Sem mais rodeios, os principais aspectos das 8 bandeiras são:
·         Disclosure: incentivo à divulgação oportuna, clara e precisa das informações financeiras e não-financeiras, a fim de permitir que os interessados acompanhem e compreendam os fundamentos econômicos e o desempenho da companhia. O Formulário de Referência deve garantir aos acionistas e investidores um conjunto completo de informações atualizadas para uma tomada de decisão refletida e fundamentada;
·         Dividendos: defende que as participadas elaborem uma Política de Dividendos transparente capaz de remunerar satisfatoriamente seus acionistas, sem comprometer o seu fluxo de caixa futuro e sua capacidade de investimento/crescimento, evitando, porém, a retenção desnecessária de recursos na empresa;
·         Conselho Fiscal Permanente: incentivo à adoção do Conselho Fiscal em caráter permanente (nos Estatutos Sociais), para conferir maior transparência na relação entre companhia e investidores, bem como facilitar o processo de fiscalização da administração da companhia pelos acionistas minoritários;
·         Sustentabilidade: recomendação pela adoção de práticas capazes de oferecer retornos econômicos, sociais e ambientais compatíveis com as expectativas de seus diferentes públicos de interesse e incentivo à divulgação anual dessas práticas, bem como de indicadores de desempenho relativos à responsabilidade socioambiental corporativa, através da publicação de um Relatório de Sustentabilidade com base no modelo do GRI (Global Reporting Initiative);
·         Política de Remuneração de Administradores: os programas de remuneração de longo prazo devem ser estimulados como um dos instrumentos de retenção dos executivos. Recomenda a divulgação da política e o valor da remuneração dos Conselhos e da Diretoria Executiva, incluindo a remuneração variável e os planos de opções de compra de ações. Dada a relevância do tema, recomenda ainda a criação de um comitê de assessoramento ao conselho de administração;
·         Comitês: recomenda que todas as empresas tenham Comitês para auxiliar o Conselho de Administração no desempenho de seus deveres e responsabilidades. Exemplos de temas: Remuneração, Governança Corporativa, Finanças e Estratégia Corporativa;
·         Assembleias de Acionistas: recomendação de elaboração de um Manual de Assembleias que contemple: divulgação, por meio de site institucional, com antecedência mínima de 30 dias da data de realização da assembleia, a agenda e documentação adequadas para que os acionistas possam posicionar-se a respeito das decisões a serem tomadas; procedimentos necessários para voto e representação de acionistas nas assembleias; e modelo específico de procuração, inclusive a implementação de procuração eletrônica (observação: a Previ foi pioneira ao lançar em 2008 um Modelo de Manual para Participação em Assembleias);
·         Controles Internos: defesada adoção de Controles Internos nos moldes da Sarbanes-Oxley, independente das participadas possuírem papéis negociados na Bolsa de Nova Iorque.

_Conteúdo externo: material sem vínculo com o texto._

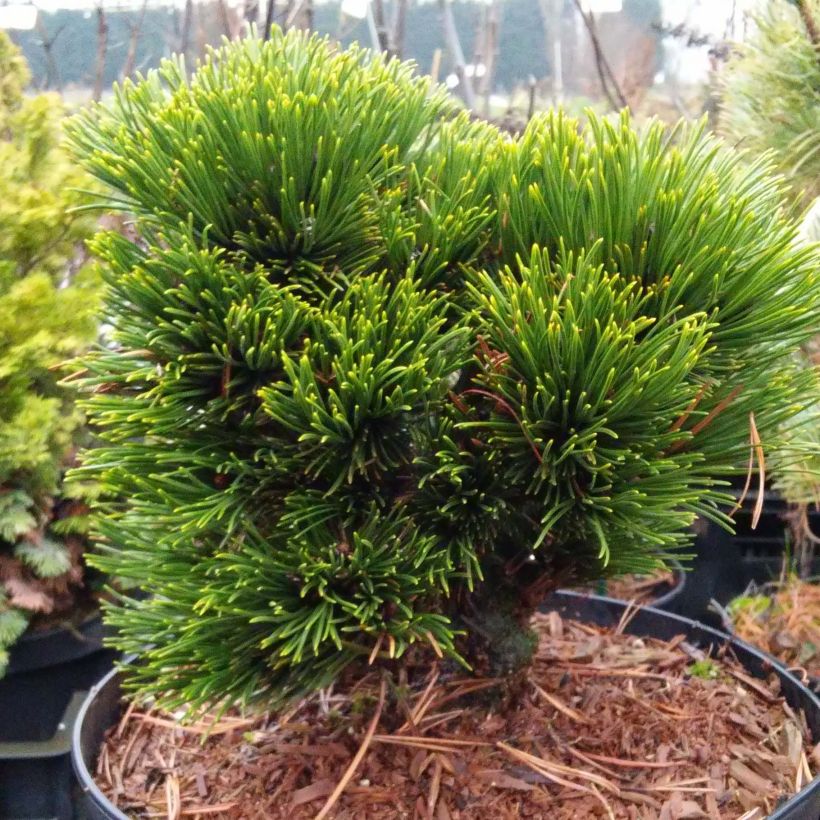 Pinus heldreichii Schmidtii - Pin de Bosnie                       (Port)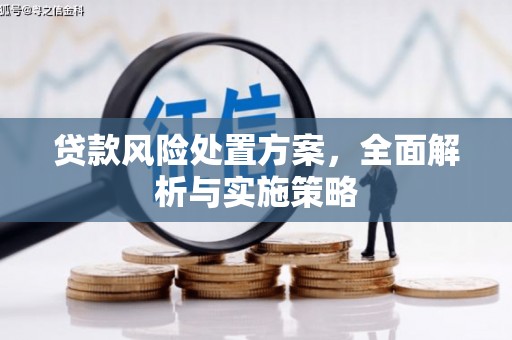 八里贷款风险处置方案，全面解析与实施策略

Vale frisar que, além da Previ (representada pela sua gerente Marta Xavier), o Seminário contou com a participação de John Wilcox, um especialista em governança corporativa reconhecido mundialmente, e de Samuel Emery Lopes, um cidadão recifense “arretado” e investidor individual autodidata com fortes opiniões sobre o tema. Oportunamente comentarei alguns aspectos apresentados pelos outros dois palestrantes. Mas quem quiser conferir todas as apresentações é só visitar a página da Apimec-Rio (http://www.apimecrio.com.br/hotsite/palestrantes.php).

Abraços a todos e uma boa semana,
Renato Chaves

Um comentário:

  1. Excelente o conjunto de bandeiras da PREVI.